━━ Provided data
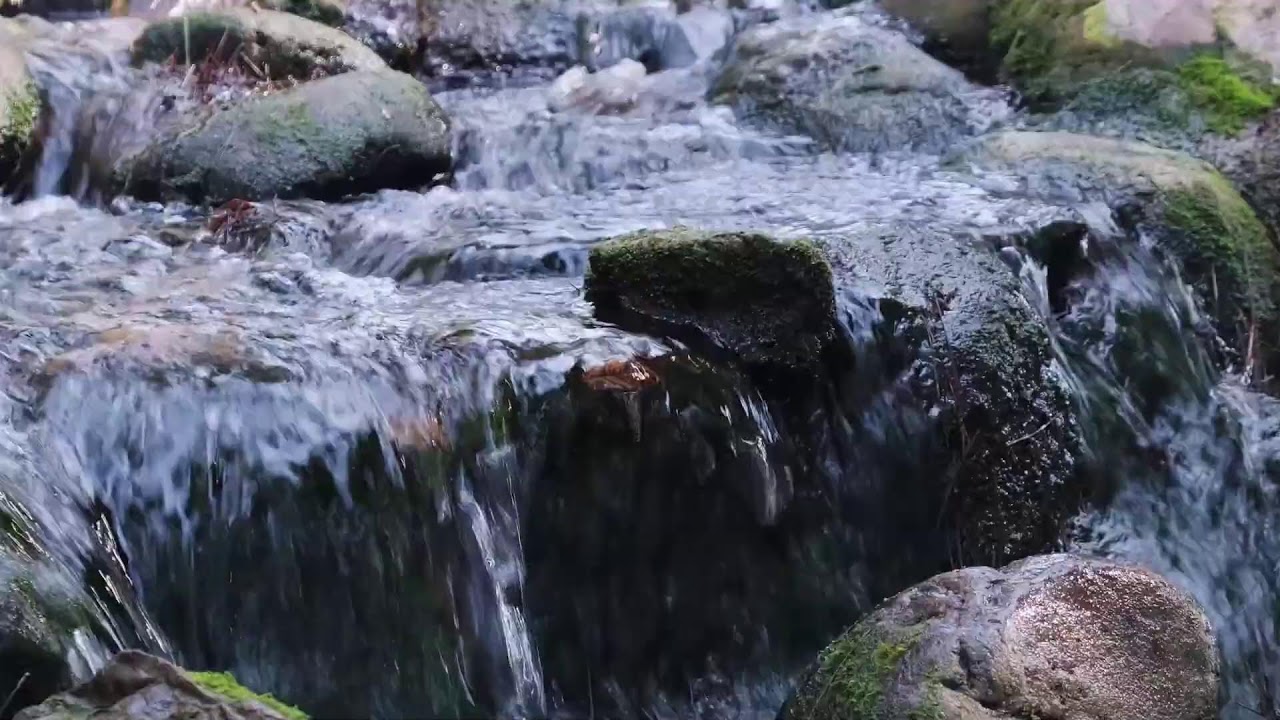 The babbling of a stream and the singing of birds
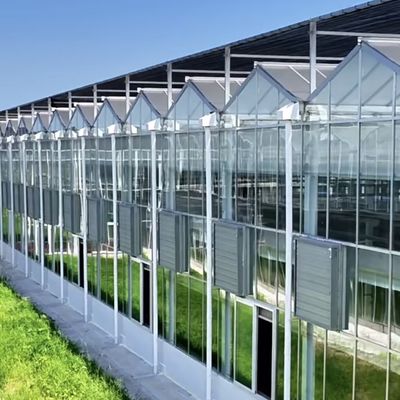 Sistema idroponico per serre in vetro multi-span per condizioni ottimali di crescita vegetale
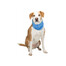 TRIXIE Bandana rafraîchissant PVA, XL: 47–57 cm, bleu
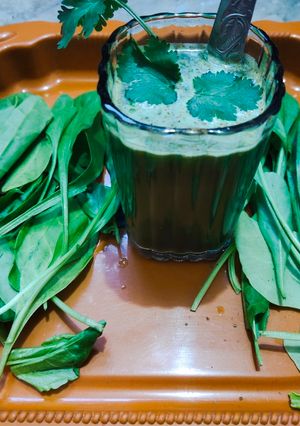 પાલક નું જ્યુસ (Palak Juice Recipe In Gujarati) રેસીપી મુખ્ય ફોટો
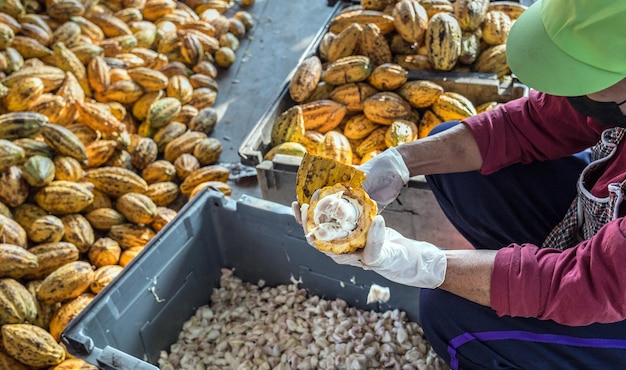 Workers prepare fresh cocoa pods before fermentation Fresh peeled cocoa pods in farmer hands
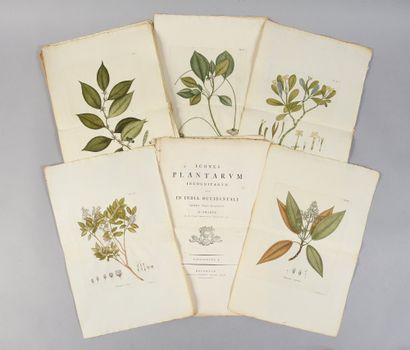 * [BOTANY] - SWARTZ Olof Peter. Icones plantarum...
━━━━
Requirement
Locate "પાલક નું જ્યુસ" in the entries above. Copy, exactly and only, the lines from that line to the end, leaving out the pictures.

Written response
 પાલક નું જ્યુસ (Palak Juice Recipe In Gujarati) રેસીપી મુખ્ય ફોટો
 Workers prepare fresh cocoa pods before fermentation Fresh peeled cocoa pods in farmer hands
 * [BOTANY] - SWARTZ Olof Peter. Icones plantarum...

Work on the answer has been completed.